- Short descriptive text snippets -
※

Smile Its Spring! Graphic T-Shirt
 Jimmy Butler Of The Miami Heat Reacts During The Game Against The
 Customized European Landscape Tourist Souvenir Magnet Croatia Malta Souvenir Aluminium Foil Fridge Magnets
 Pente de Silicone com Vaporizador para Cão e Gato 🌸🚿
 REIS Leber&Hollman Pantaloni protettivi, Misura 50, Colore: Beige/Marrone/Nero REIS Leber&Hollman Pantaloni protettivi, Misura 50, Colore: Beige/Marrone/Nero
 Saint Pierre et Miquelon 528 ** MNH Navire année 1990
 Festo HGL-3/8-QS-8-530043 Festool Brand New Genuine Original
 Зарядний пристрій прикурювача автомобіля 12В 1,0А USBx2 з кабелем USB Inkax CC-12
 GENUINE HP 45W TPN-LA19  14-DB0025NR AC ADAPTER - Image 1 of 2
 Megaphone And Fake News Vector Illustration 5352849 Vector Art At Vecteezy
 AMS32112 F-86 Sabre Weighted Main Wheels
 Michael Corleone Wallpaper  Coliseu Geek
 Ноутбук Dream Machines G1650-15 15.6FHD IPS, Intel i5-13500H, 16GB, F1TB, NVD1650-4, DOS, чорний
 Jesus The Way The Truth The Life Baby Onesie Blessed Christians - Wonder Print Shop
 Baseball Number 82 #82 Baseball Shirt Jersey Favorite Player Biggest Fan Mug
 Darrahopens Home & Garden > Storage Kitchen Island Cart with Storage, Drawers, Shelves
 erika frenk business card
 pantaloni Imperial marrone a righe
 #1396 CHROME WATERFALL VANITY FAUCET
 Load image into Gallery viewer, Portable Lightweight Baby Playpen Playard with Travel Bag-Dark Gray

※

Exact duplication of all the data above is expected.

Smile Its Spring! Graphic T-Shirt
 Jimmy Butler Of The Miami Heat Reacts During The Game Against The
 Customized European Landscape Tourist Souvenir Magnet Croatia Malta Souvenir Aluminium Foil Fridge Magnets
 Pente de Silicone com Vaporizador para Cão e Gato 🌸🚿
 REIS Leber&Hollman Pantaloni protettivi, Misura 50, Colore: Beige/Marrone/Nero REIS Leber&Hollman Pantaloni protettivi, Misura 50, Colore: Beige/Marrone/Nero
 Saint Pierre et Miquelon 528 ** MNH Navire année 1990
 Festo HGL-3/8-QS-8-530043 Festool Brand New Genuine Original
 Зарядний пристрій прикурювача автомобіля 12В 1,0А USBx2 з кабелем USB Inkax CC-12
 GENUINE HP 45W TPN-LA19  14-DB0025NR AC ADAPTER - Image 1 of 2
 Megaphone And Fake News Vector Illustration 5352849 Vector Art At Vecteezy
 AMS32112 F-86 Sabre Weighted Main Wheels
 Michael Corleone Wallpaper  Coliseu Geek
 Ноутбук Dream Machines G1650-15 15.6FHD IPS, Intel i5-13500H, 16GB, F1TB, NVD1650-4, DOS, чорний
 Jesus The Way The Truth The Life Baby Onesie Blessed Christians - Wonder Print Shop
 Baseball Number 82 #82 Baseball Shirt Jersey Favorite Player Biggest Fan Mug
 Darrahopens Home & Garden > Storage Kitchen Island Cart with Storage, Drawers, Shelves
 erika frenk business card
 pantaloni Imperial marrone a righe
 #1396 CHROME WATERFALL VANITY FAUCET
 Load image into Gallery viewer, Portable Lightweight Baby Playpen Playard with Travel Bag-Dark Gray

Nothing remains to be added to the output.